LACİVERT DERGİ 100. SAYISINI KUTLUYOR
Dergiler yayınlandıkları ülkenin entelektüel birikimini yansıtırlar. Sayılarındaki çokluk, yazarlarındaki çeşitlilik, o ülke insanının düşünce ile olan bağını gösterir bize. Bugün Türkiye olarak -belki dünyada birkaç ülke ile beraber- bir dergiler ülkesiyiz. Bu sözümü fazla abartılı bulanlarınız olacaktır. Hatta Amerika'da bile sayıları bine yaklaşan, farklı disiplinlerde birçok yayının olduğunu söyleyenler de çıkacaktır aranızdan. Elbette buna bir itirazım yok. Fakat Türkiye'de yayınlanan dergilerin büyükçe bir kısmı bir yanlarına da "efendimiz acemilik"i alarak ilerlerler.
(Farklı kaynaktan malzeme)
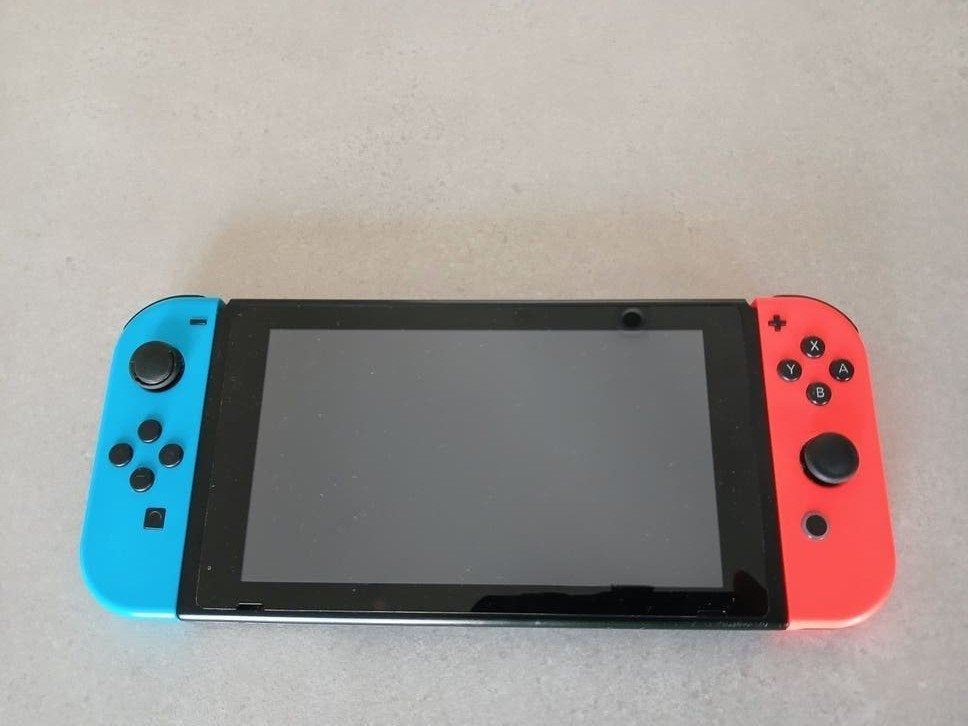 Nintendo Switch + spelletjes (prachtstaat!), Met games, Met 2 controllers, Ophalen of Verzenden, Zo goed als nieuw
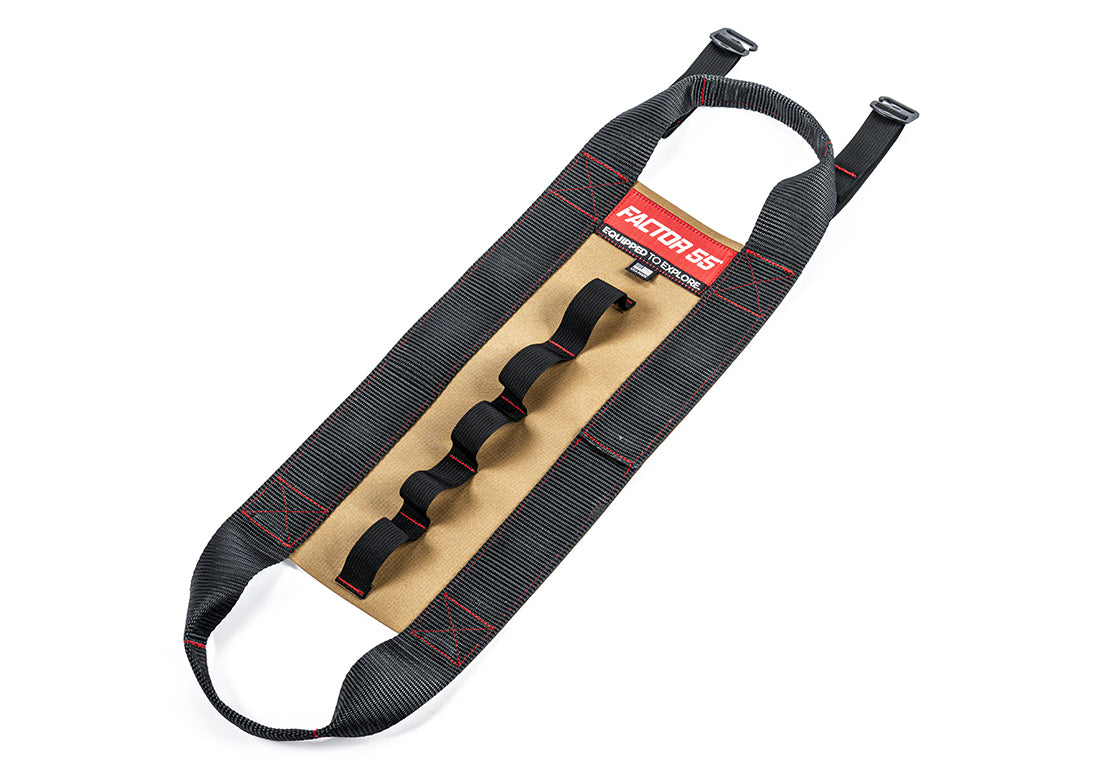 Multi Rope Wrap Rope Wrap (without rope or shackles) – Factor55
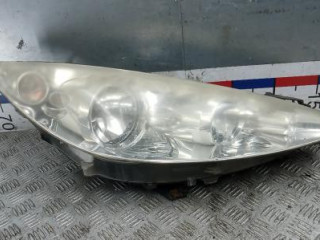 фара правая Peugeot 308 T7 2009, 1.6 л., HDi, дизель, МКПП, хетчбэк 5 дв.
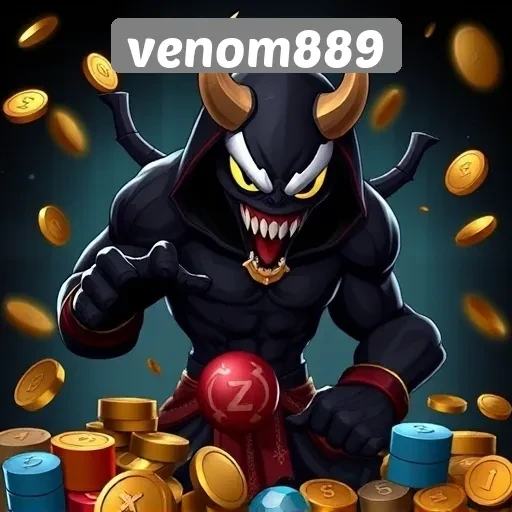 Promosi dan Bonus Menarik di Venom889 untuk Pengguna Baru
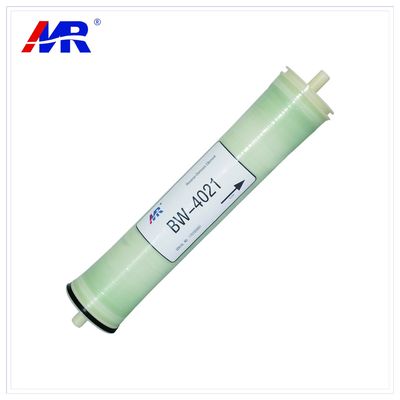 Removing COD Brackish Water Ro Membrane Polyamide Material 1 Year Warranty
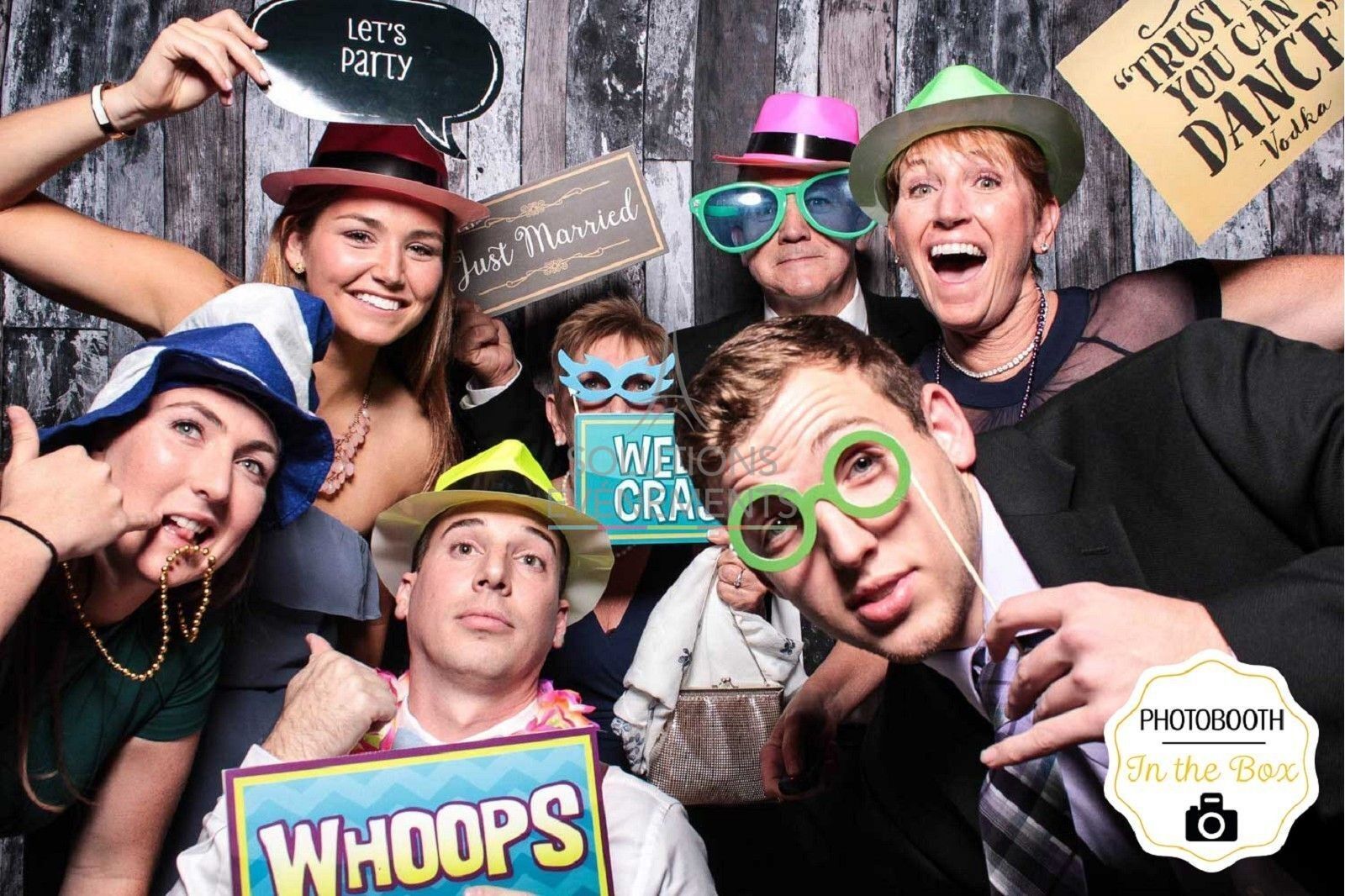 Photobooth Tripod - Photo booth - Visual 5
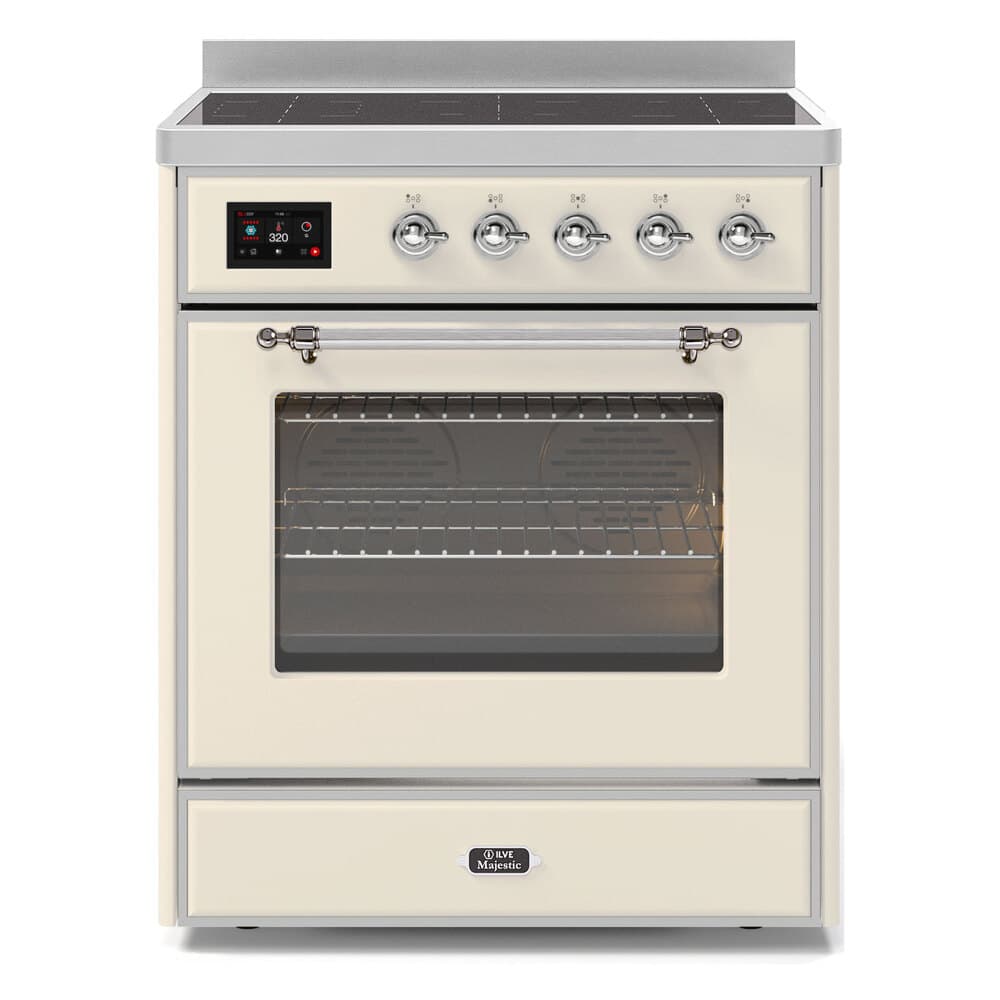 Majestic II Series 30" Electric Freestanding Range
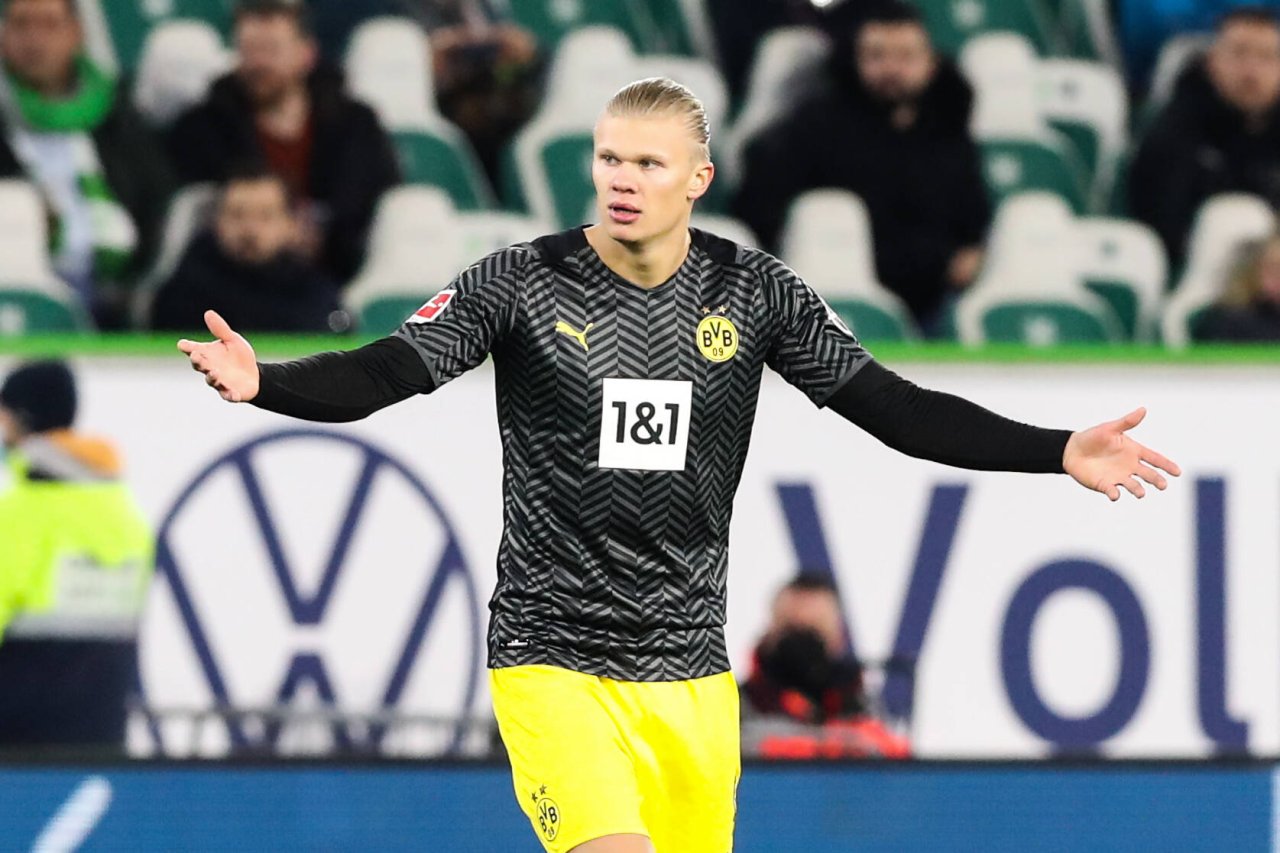 Erling Haaland: Entscheidung Gefallen? Irre Forderung An Real Madrid ...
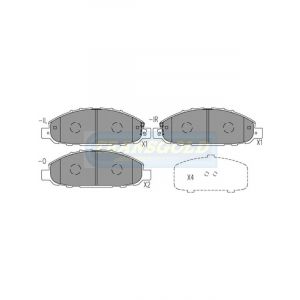 Transgold Brake Pads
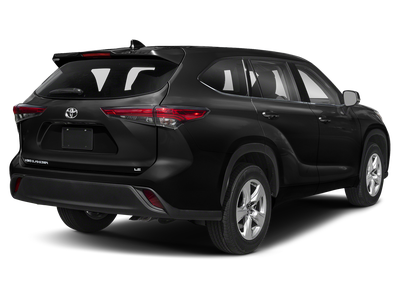 2020 Toyota Highlander LE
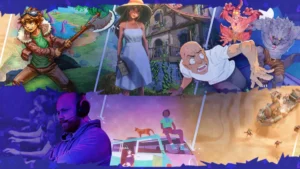 Indie.io Brings Gamescom to Your Living Room: A Deep Dive into the Latest Wave of Independent Innovation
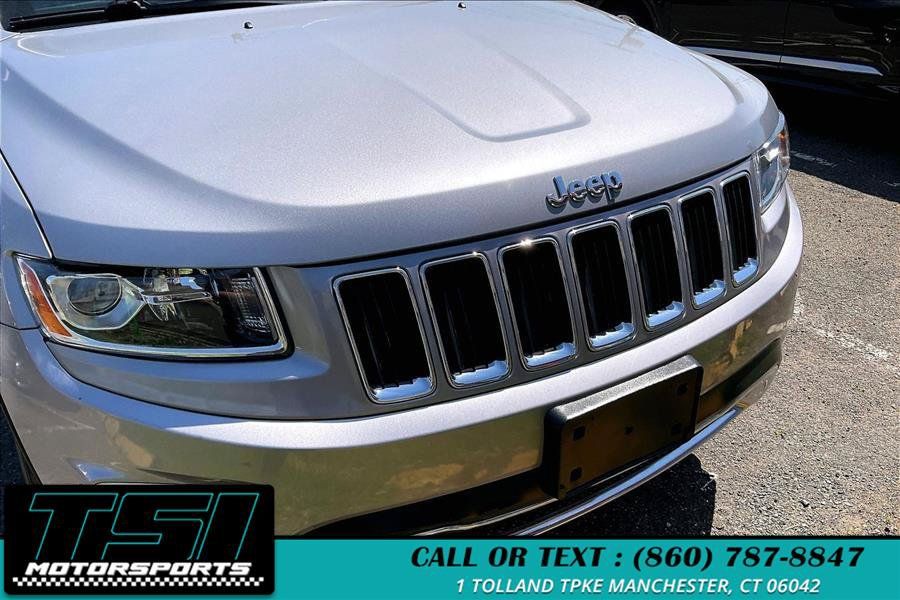 Used 2014 Jeep Grand Cherokee Limited AWD/4WD image 27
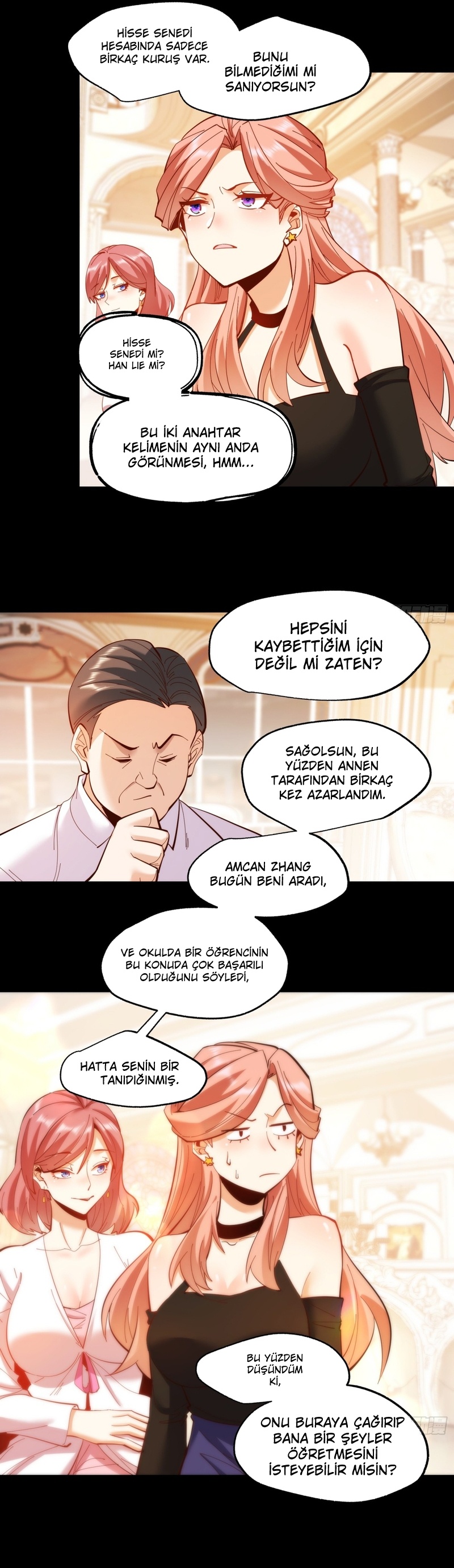 Harcadıkça Yükseliş Bölüm 66 - Sayfa 4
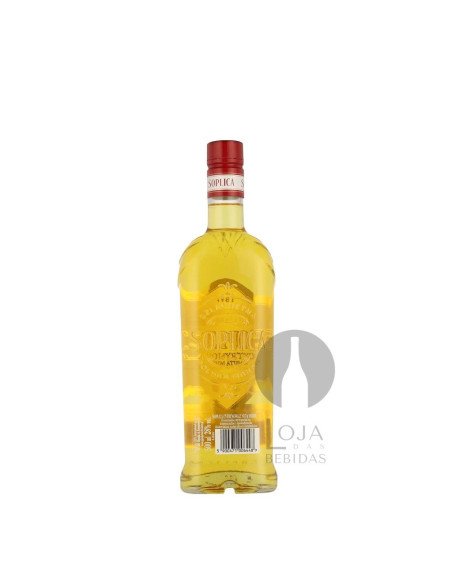 Soplica Cytrina Miodu Citroen-Honing 50cl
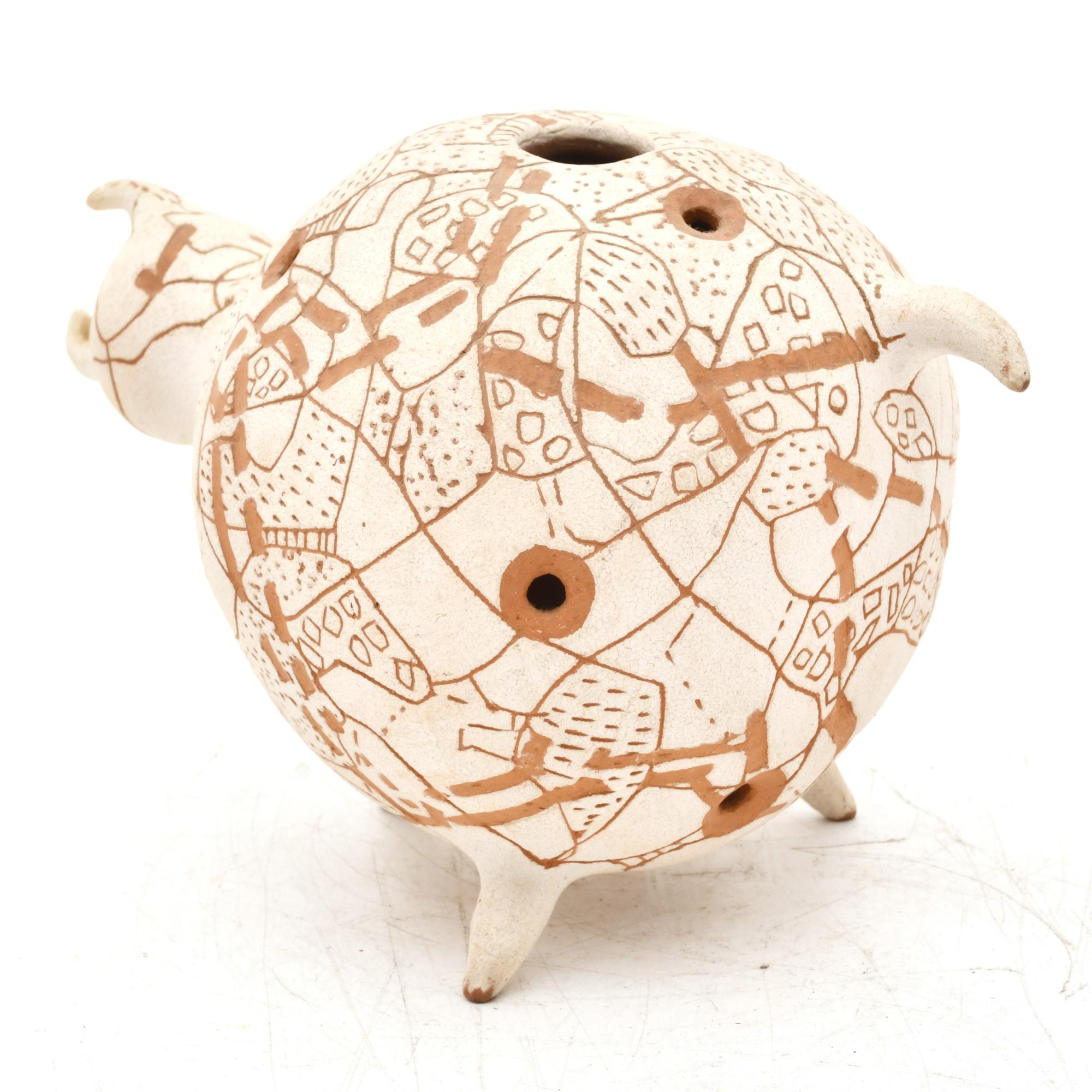 JOAN VILACASAS (1920-2007).  "Marciano".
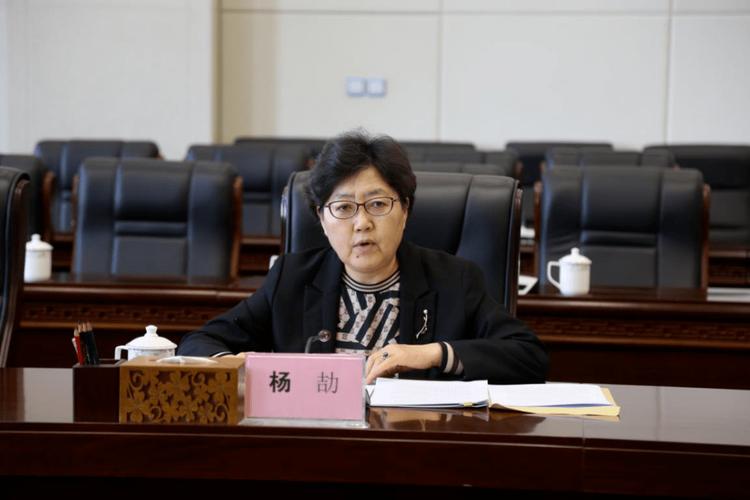 自治区生态环境厅党组书记,厅长杨劼到包头市调研生态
Dergiler arasında kurumsal olanları da Batı'daki gibi birkurumsallığı yansıtmaz. Misal yıllarca yayınlanan Varlık dergisi belirli bir çevrenin desteği ile yaşamını sürdürür. Ülkedeki Kemalist düşüncenin kültür ayağını temsil etmesinin yanında, Varlık dergisinin siyasi/ politik bir tarafı da vardır. Tam
da bu sebepten dil devrimini, cumhuriyet inkılaplarını savunan bir edebi görüşü deklare eder. İnsanlar gibidir dergiler. Hem diğer insanlar gibi kederli zamanları vardır, hem de vakur zamanlarda ülkenin dertlerine şifa olmaya çabalarlar. Yahya Kemal'in ve Ahmet Haşim'in yazılarını yayınlamakla ünlenen Dergâh dergisi öyledir. Bazı dergiler de vardır ki, en sıkıntılı zamanlarda bile yayınını sürdürerek ülke adına söz almışlardır. İstiklal Harbi zamanında, Çanakkale Savunması yıllarında çıkan dergiler öyledirler. Sonra bir derdi olan, aynı zamanda derdini büyük ve nitelikli düşüncelerle savunan, Batı'nın sunduğu hegemon enformasyondansıyrılarak, bu toprağın insanının sesini yükseltmek isteyen dergiler vardır. Büyük Doğu dergisi ve düşüncesi tam anlamıyla böylesi bir boşluğu kapatmak için yayınlanmıştır.
Çığır açıcı bir meşale
Necip Fazıl Kısakürek'in çıkardığı dergi, hâkim Batılı dilin ve ihanet içindeki aydınların ipliğini pazara çıkartır. Ve sadece bir edebiyat/ düşünce dergisi olarak kalmaz Büyük Doğu, bugün tartıştığımız fikir akımlarının da bir anlamda tarlası hüviyetindedir. Üstadımız Necip Fazıl'ın keskin dili, derginin kapağında bir mermi şiddetindeki başlıklar/manşetler, çağındaki diğer dergilerden çok ileri bir mantıkla, özenle çalışılmış çizimler, illüstrasyonlar Büyük Doğu'yu özel bir yere taşır. İslamcılık ve Anadolu Türkçülüğü kendine güvenini Büyük Doğu sayesinde kazanır. İnsanların içindeki "sivil,
dayanılmaz yüreği" ortaya çıkarır dergi.
Büyük Doğu sonrasında çıkan dergiler de bir anlamda üstadın bıraktığı yerden devam ettirmeye çabalarlar mücadeleyi. Bu dergiler arasında Sezai Karakoç'un Diriliş'i, Nurettin Topçu'nun Hareket dergisini özellikle anmak isterim. Karakoç, Diriliş dergisinde bugün kullandığımız birçok kavramı
yeniden belirlemiştir. Düşünce böyledir, tıpkı bir nehir gibi akması için bir yatağa ihtiyacı vardır. Diriliş'in işlevi çok büyüktür. Çünkü Karakoç, hem
modern Batı düşüncesinden bazı metinleri özenle dilimize kazandırır, hem de İslam düşüncesinden metinlerin tercümesine girişir. Aynı zamanda bizim kavramlarımızla düşünebilmenin yolunu açar. Türk şiirinin 50'li yıllardan sonra başlayan modern atılımında başı çekmesi, Türk düşüncesi
üzerindeki şüphe bulutlarını özenle kaldırması, kendisinden sonra gelecek dergiciler için çığır açıcı bir meşaleye dönüşür.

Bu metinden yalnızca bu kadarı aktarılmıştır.